やっちゃばがあった秋葉原

ひさしぶりに秋葉原にいってきた。
昭和58年に、秋葉原でソフトハウス(当時はITの会社をそんな風に呼んでいた)を
立ち上げた。当時南砂のマンションに住んでいた。錦糸町まで総武線、そこからバス、という
通勤スタイルやった。朝、いわゆる電気街口で降りると、駅前にあったラーメン屋は混雑していた。

そこに「やっちゃば」(正確には、神田青果市場)があり、全国からトラックに野菜つんで運んだ
トラック野郎たちが、朝のラーメンで腹ごしらえをしていた。野菜のクズとダンボールが毎朝、山のように
積まれていて、それをリヤカーで運んで、ホームレスさんたちは、日銭をかせぎ、焼酎を買って、残った
ダンボールで家をつくり、残った野菜のくずを鍋にし、稼いだ日銭を焼酎に変え、毎日をおくっていた。
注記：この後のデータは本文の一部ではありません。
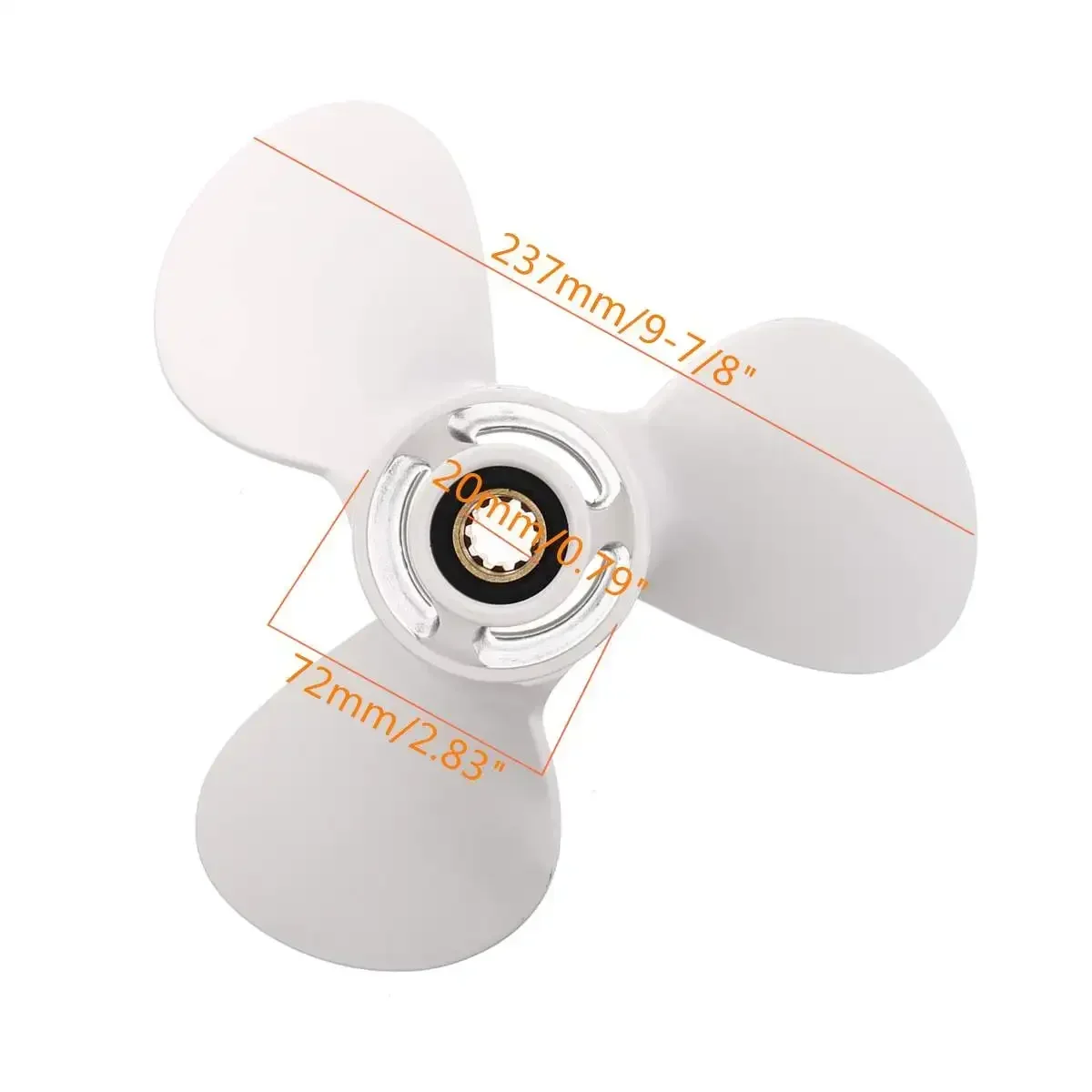 

Boat Outboard Propeller White 10 Spline Tooth 3 Blades For Yamaha 20-30HP 664-45947-01-EL Aluminium alloy 9 7/8 x 11 1/4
すぐに、中古の車を、まったい(小学校時代からの親友で、フジテレビに努めていた)の紹介で買い、
やっちゃばの近くに駐車場を借りた。月五万やった。駅周辺には「ビラ配り」のおっちゃん、おばっちゃん
たちもいた。電気店と契約されていて、そのお店に連れていき、買い物させると、その料金に数パーセントを
もらっておられた。ホームレスさんと同様、「そこにいたるまでの人生の道」の話になると、「人生物語」
が人の数だけあった。ぼくはまだ20代やったけど、彼らと時々酒を飲んだり、一度は、いっしょに
箱根の温泉にいったり・・・不思議な思い出がいっぱい残っている。

ボクシング会場や、野球場から「ダフ屋」がいなくなった。シロウトがネットで転売するような時代
になった。「テンバイヤー」とかいうらしい。ヤクザの仕事をシロウトが凌駕してしまった。
パソコンの創成期に、ひと稼ぎしていた「ビラくばりさん」たちも、ネットの発展で職を失った。
そのころからやっちゃばも「太田市場」への移転がきまり、ホームレスさんたちも、居場所が
なくなった。

ある日、知り合いのホームレスがいつものように、ダンボールをリヤカー(いつもミックスの愛犬をのせてい)で運びながら、
働いていると、警察がきて職質していた。「おい、酒くさいの? 朝から酒飲んでいるのか?」と警察が上から目線で
おっちゃんに言い寄ると、そのおっちゃんが涼しい顔して「こいつ(愛犬のほうに指をさし)の誕生日祝いをしていたんだ」
という。思わず歌舞伎の大向うのように「よっ ナリタヤ誕生日おめでとう」と声をあげてしまった。
まだまだ「人情」が下町に残っていた時代。いまは、フィギアとオタクとAKBの街になりさがっていった。
ぼくの会社も一作目のソフトが大ヒットして、一年で秋葉原の事務所を、代々木に引っ越しをした。まだ「昭和」やった。感謝。